Venerdì mattina i membri del CICR hanno accompagnato fuori dal teatro almeno 8 ragazzi che i sequestratori hanno accettato di liberare.

Alla domanda di swissinfo se il CICR è chiamato a svolgere un ruolo di mediazione, Annick Bouvier, portavoce dell’organizzazione, non vuole sbilanciarsi: “Non si può escludere niente ma in questo momento non è il caso”.

La lezione peruviana

L’esperienza di Michel Minnig potrebbe rivelarsi molto preziosa. Nel 1996 il vallesano dirigeva infatti la delegazione del CICR a Lima (Perù), quando un gruppo di ribelli prese in ostaggio 600 persone all’ambasciata del Giappone.

Per tutta la durata della crisi, 126 giorni, aveva fatto da mediatore. La tragica vicenda si era conclusa con la morte di un ostaggio, due militari e con l’uccisione dei 14 ribelli.

Nella Rivista internazionale della Croce Rossa Minnig aveva scritto alcune riflessioni sul ruolo di “intermediario neutro”, come quello da lui svolto a Lima e il cui epilogo gli è certo ritornato alla mente in queste ore.

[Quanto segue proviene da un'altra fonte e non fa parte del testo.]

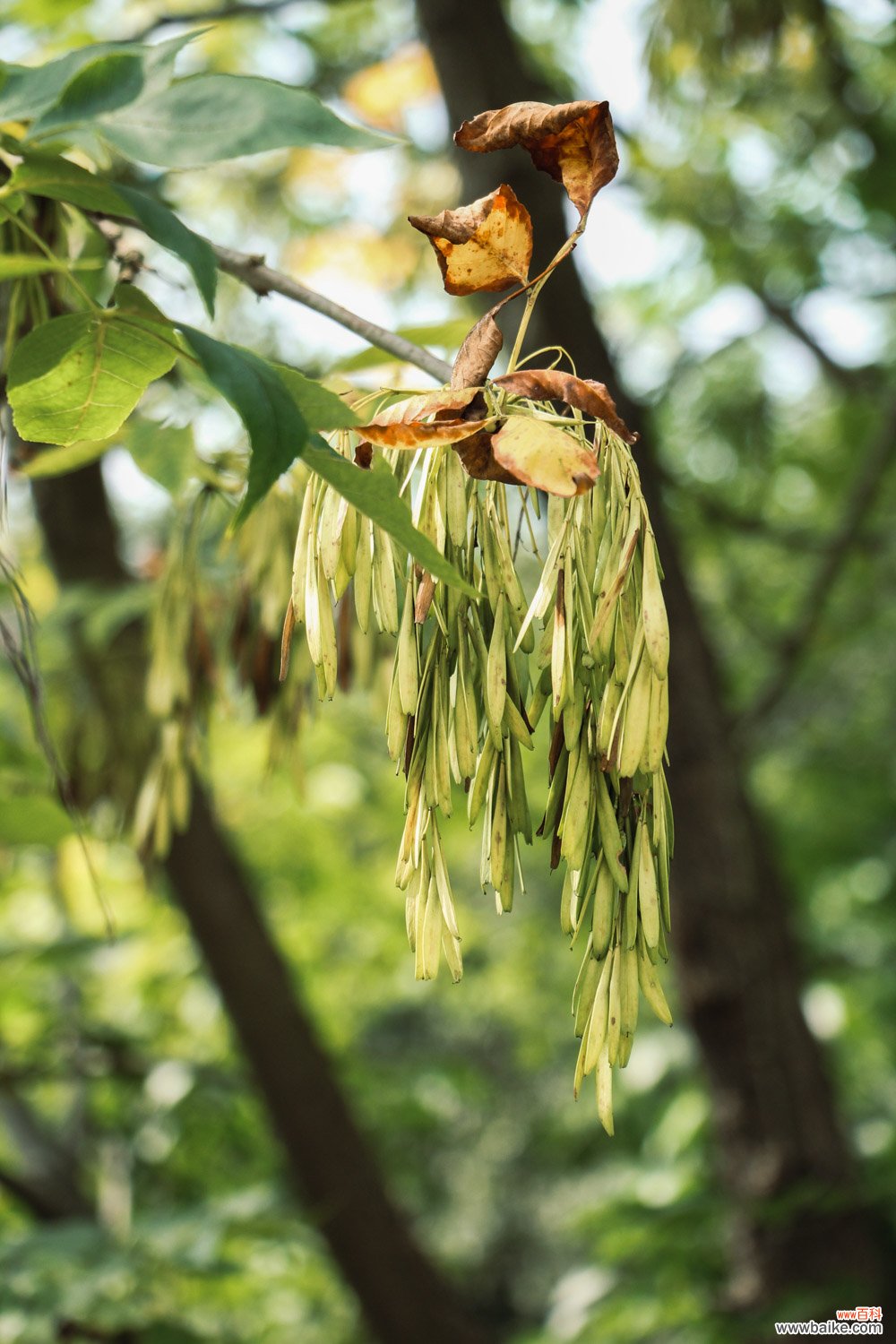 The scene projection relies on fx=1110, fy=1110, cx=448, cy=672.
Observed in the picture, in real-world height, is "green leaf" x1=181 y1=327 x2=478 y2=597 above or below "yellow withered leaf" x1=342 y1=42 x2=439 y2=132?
below

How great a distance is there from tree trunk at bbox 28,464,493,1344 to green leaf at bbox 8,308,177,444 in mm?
1769

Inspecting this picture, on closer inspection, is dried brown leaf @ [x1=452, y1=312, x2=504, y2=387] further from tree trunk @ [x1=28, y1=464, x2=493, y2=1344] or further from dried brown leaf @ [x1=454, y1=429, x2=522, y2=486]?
tree trunk @ [x1=28, y1=464, x2=493, y2=1344]

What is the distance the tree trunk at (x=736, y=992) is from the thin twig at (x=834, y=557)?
771mm

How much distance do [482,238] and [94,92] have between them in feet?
0.70

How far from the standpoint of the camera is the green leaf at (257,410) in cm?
49

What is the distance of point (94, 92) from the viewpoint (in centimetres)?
48

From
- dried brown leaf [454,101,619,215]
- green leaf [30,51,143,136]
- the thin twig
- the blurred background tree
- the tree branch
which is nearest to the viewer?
green leaf [30,51,143,136]

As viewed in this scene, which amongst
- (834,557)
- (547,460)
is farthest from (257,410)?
(834,557)

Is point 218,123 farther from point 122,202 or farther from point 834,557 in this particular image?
point 834,557

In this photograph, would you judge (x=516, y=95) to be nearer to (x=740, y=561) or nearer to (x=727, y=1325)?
(x=727, y=1325)

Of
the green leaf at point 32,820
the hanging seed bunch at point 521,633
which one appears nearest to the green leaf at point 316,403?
the hanging seed bunch at point 521,633

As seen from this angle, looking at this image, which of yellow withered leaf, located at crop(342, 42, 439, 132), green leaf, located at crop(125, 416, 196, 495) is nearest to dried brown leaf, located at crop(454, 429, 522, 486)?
green leaf, located at crop(125, 416, 196, 495)

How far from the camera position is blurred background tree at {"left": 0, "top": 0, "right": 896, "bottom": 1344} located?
172 centimetres

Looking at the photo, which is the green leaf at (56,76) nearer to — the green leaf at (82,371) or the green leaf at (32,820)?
the green leaf at (82,371) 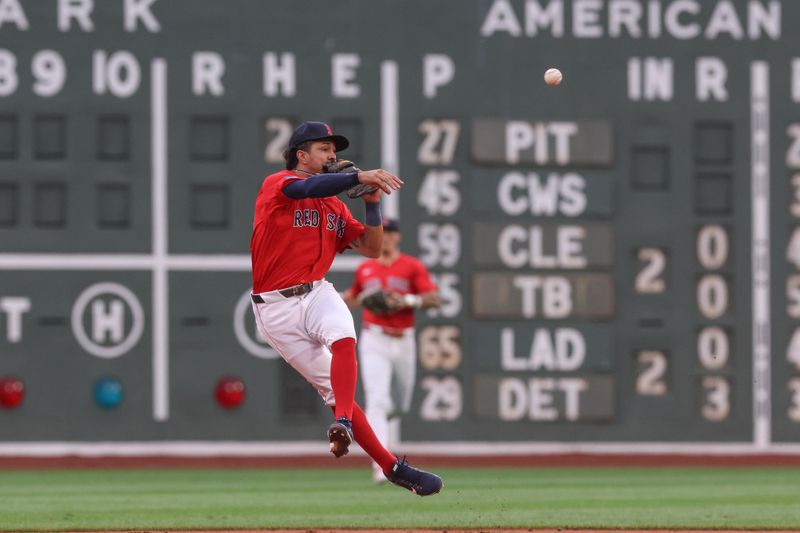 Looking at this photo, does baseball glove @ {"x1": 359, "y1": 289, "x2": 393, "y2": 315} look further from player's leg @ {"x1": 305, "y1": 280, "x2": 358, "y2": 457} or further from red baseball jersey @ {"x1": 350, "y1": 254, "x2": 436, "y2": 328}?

Per il CICR, aveva scritto, “il ruolo di legame fra le parti deve essere esclusivamente umanitario, cioè apolitico”. Tuttavia, visto che i delegati fanno fronte sia alle conseguenze della violenza che alle sue origini, l’esigenza di neutralità è ancora più grande.

Condannare e aiutare

Un dato di fatto che ci viene confermato da Antonella Notari, responsabile dell’informazione al CICR: “E’ assolutamente necessario che tutti capiscano che il nostro intervento è strettamnente umanitario”. L’affermazione sembra chiara ma, spiega Antonella Notari, “è una linea difficile da seguire”.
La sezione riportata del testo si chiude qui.